(Bloomberg News) MF Global Holdings Ltd. Chief Executive Officer Jon Corzine knew that the company made a loan out of segregated customer accounts before it went bankrupt, CME Group Inc. chairman Terrence Duffy told the Senate yesterday.

Duffy, whose company is MF Global's regulator and principal exchange, faced questions about a shortfall of some $1.2 billion in missing customer funds. CME and Commodity Futures Trading Commission staff had been told a discrepancy existed in the customer funds, which by law are required to be kept separate from company funds.

On Oct. 31, the day MF Global filed the eighth-largest bankruptcy in U.S. history, "a CME auditor also participated in a phone call with senior MF Global employees, wherein one employee indicated that Mr. Corzine knew about the loans that it had made for the customer -- from the customer segregated accounts," Duffy said today.

Corzine in earlier testimony said that he couldn't explain why money was missing from customer accounts, and that he had been surprised to find out that money was missing from customer accounts on the night of Sunday Oct. 30.

The loan may have been for $175 million to a European affiliate of MF Global, Duffy said. He said he believed the loan was made from customer segregated accounts in the last few days before the bankruptcy filing. Duffy didn't say whether Corzine learned of the loans in advance of the funds being moved. He also didn't say whether the loans were a legitimate use of customer accounts.

Recently Aware

"We were told by MF Global that they transferred money to the broker dealer, 'stop looking for the accounting error,'" Duffy said. He said he was only made aware of the new information last Saturday.

Duffy's testimony follows that of Corzine and other top executives, who said today they couldn't explain the shortfall. Several members of the Senate who asked questions said it was unbelievable that the top executives couldn't explain the absence of such large funds from customer accounts.

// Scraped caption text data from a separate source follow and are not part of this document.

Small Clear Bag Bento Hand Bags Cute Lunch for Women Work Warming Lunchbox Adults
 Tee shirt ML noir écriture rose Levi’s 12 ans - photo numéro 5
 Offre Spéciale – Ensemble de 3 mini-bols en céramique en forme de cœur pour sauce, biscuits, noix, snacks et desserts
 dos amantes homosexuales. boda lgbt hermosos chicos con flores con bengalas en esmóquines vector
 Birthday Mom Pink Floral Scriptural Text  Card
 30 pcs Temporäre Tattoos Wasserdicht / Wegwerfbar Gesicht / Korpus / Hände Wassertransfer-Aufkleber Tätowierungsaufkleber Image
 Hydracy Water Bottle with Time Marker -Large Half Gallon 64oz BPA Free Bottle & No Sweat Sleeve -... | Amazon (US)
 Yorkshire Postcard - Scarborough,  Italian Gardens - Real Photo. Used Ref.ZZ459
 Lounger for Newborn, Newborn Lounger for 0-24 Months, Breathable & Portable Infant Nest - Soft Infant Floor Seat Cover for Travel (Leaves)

MF Global Inc.'s customers may be able to reach its parent company's assets to help pay for their shortfall, said James Giddens, the trustee in charge of liquidating the broker-dealer. Giddens said the shortfall in segregated accounts is still estimated to be $1.2 billion or more.

"I don't think we're magically going to come to a pot of gold at the end of the rainbow," Giddens told the Senate.